Why you will pay more to use Zoom


Video conferencing platform Zoom is the latest to announce changes in VAT pricing for Kenyan users beginning next month. [Courtesy]

Technology platforms operating in Kenya have begun implementing the recent digital tax measures introduced by the National Treasury in a move that is set to increase the cost of accessing these services.

Video conferencing platform Zoom yesterday became the latest firm to announce the changes to its pricing for Kenyan users beginning next month.
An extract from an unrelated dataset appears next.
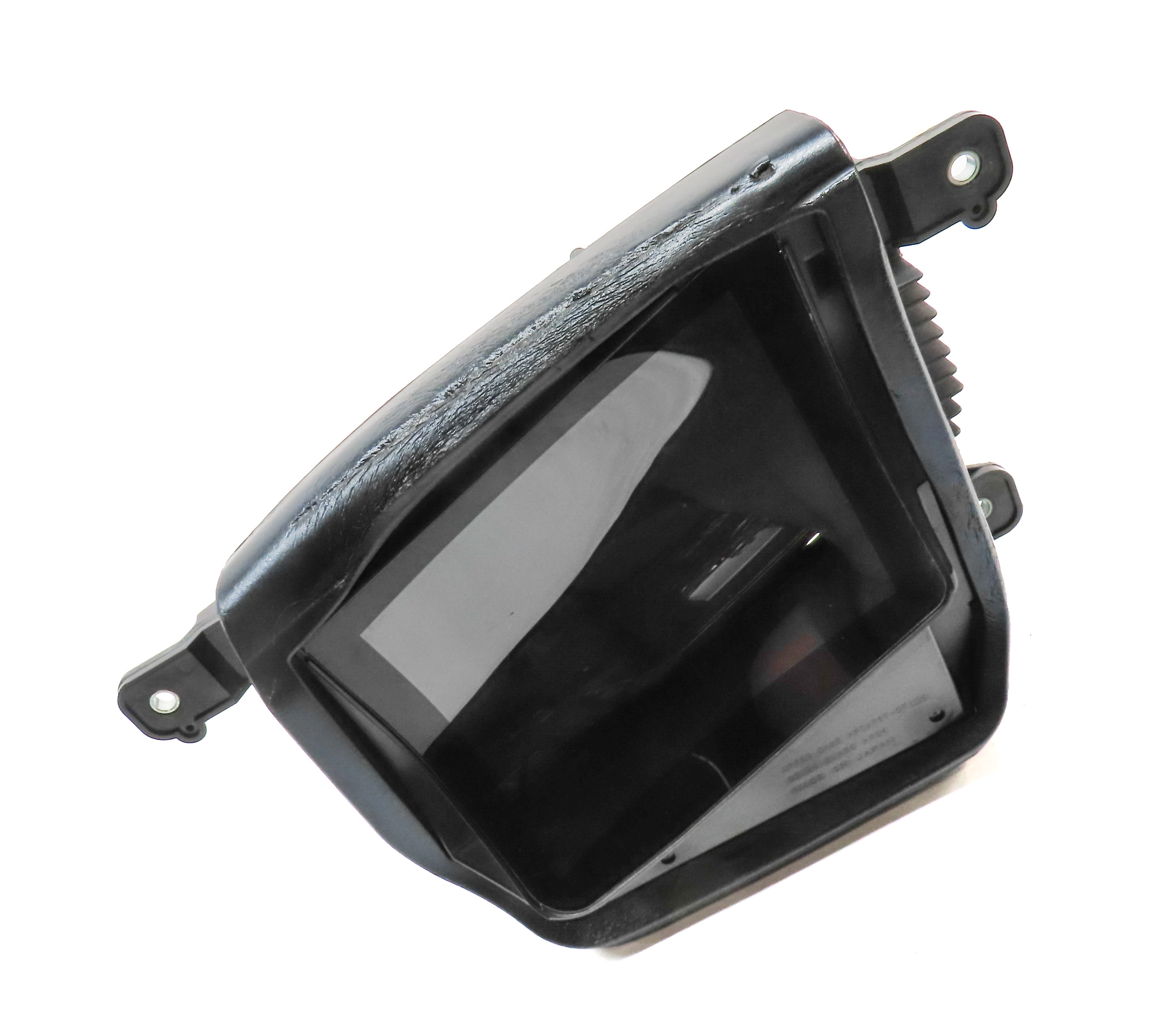 2008-2014 BMW X6 X6M (E71) HUD HEADS UP DISPLAY PROJECTOR — exact item pictured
This is as the company implements the new value-added tax (VAT) charges on digital services.

“We are writing to inform you that Zoom Video Communications Inc (Zoom) will begin charging Kenyan VAT on or shortly after August 1, 2021, on its services supplied to customers in Kenya,” stated the firm in an email to users.
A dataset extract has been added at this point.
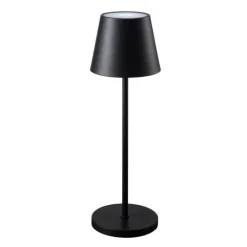 Move bordlampe 38 cm svart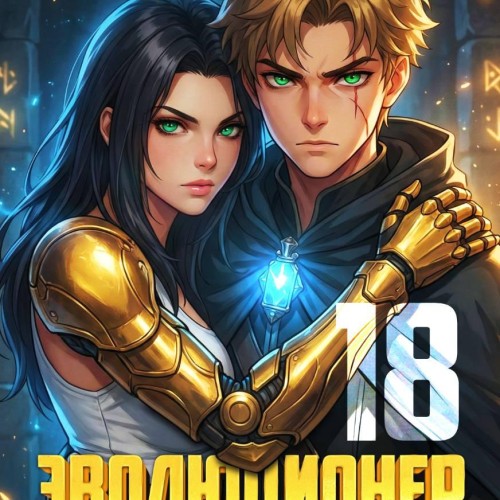 Эволюционер из трущоб. Том 18. Финал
“Like many companies with a growing international presence, Zoom is routinely evaluating its indirect tax collection and remittance obligations,” stated the firm.

Zoom’s announcement to users in Kenya is the latest from Silicon Valley as the implementation of the new levies recently introduced by the government and targeted at digital platforms gets underway. 

Last year, Treasury through the Finance Act 2020 introduced the Digital Services Tax (DST), payable on income accrued in Kenya from services offered through a digital marketplace.

The levy is set at 1.5 per cent of the gross transaction value and is due at the time of transfer of the payment to the service provider.

This was soon followed by the Value Added Tax (Digital Marketplace Supply) Regulations 2020 that proposed VAT on products and services sold online.

“VAT shall be charged on taxable services supplied in Kenya through the digital marketplace,” explains the regulations in part. “Taxable supplies made through a digital marketplace shall include electronic services and downloadable mobile apps, e-books, movies.”

The law does not indicate the new VAT rate but is pegged on the Value Added Tax Act, 2013 that set a 16 per cent rate. A digital marketplace has now been defined as an ‘online platform which enables users to sell or provide services, goods or other property to other users.”

Zoom’s announcement to users in Kenya is the latest from Silicon Valley as the implementation of the new levies. [Courtesy]

Earlier this year, Facebook informed Kenyan users that advertisements on the site and photo-sharing application Instagram that charges would increase to reflect the new VAT levy.

“Beginning April 1, 2021, Facebook ads in Kenya are subject to a VAT at the applicable local tax rate,” said Facebook in an email to users.

“This applies to advertisers whose ‘Sold To’ country on their business or personal address is set to Kenya and who haven’t confirmed that they’re advertising for business purposes,” stated the email.

“VAT is added whenever you’re charged for your ads if you’re not purchasing Facebook ads for business purposes,” said the firm. “Because VAT is added on top of charges, you won’t reach your billing threshold faster, but you may be charged more than your billing threshold amount.” However, some industry stakeholders have cautioned that the administration of the taxes could prove difficult for tax authorities given the complexity of the Internet ecosystem. 

“The application of these taxes to businesses with online activities is a complex and evolving area,” said Zoom in its email to users.

“Zoom continues to review such developments as well as the nature and extent of its activities in different jurisdictions and based on such regular review, will start charging indirect taxes where applicable.”